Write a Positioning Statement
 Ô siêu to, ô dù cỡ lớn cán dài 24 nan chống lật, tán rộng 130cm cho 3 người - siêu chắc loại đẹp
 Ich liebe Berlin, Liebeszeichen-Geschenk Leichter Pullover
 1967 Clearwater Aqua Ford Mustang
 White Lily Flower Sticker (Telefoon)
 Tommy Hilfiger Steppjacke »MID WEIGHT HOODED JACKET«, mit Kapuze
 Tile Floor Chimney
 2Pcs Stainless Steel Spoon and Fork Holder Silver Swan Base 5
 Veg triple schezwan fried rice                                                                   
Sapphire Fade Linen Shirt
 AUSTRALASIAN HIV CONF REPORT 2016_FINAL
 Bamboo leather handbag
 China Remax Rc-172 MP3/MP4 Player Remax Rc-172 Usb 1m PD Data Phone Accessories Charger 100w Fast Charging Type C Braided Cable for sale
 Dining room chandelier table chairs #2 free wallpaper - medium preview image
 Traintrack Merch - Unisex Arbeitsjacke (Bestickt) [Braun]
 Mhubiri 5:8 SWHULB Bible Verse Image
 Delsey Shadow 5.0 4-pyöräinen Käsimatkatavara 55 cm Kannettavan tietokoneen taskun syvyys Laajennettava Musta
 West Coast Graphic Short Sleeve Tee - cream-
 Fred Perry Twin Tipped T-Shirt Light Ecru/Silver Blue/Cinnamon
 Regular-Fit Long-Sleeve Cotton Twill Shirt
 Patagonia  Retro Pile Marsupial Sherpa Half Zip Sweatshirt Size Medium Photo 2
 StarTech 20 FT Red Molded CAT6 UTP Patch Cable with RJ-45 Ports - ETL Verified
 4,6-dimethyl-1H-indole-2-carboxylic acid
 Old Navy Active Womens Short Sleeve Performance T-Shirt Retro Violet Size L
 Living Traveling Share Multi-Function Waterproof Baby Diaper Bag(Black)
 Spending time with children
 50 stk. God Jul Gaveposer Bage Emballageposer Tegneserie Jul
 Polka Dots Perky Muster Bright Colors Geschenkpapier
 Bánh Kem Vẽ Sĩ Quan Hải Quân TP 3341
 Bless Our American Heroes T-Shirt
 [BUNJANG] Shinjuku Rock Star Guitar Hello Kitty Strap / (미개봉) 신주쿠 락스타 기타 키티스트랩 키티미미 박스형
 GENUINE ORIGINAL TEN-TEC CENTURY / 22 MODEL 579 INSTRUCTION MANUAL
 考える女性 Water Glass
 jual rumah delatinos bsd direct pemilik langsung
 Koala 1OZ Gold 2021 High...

::::::::

* Brief *
Give only the number of lines in the listing above that include the string "Retro".

* Exercise result *
2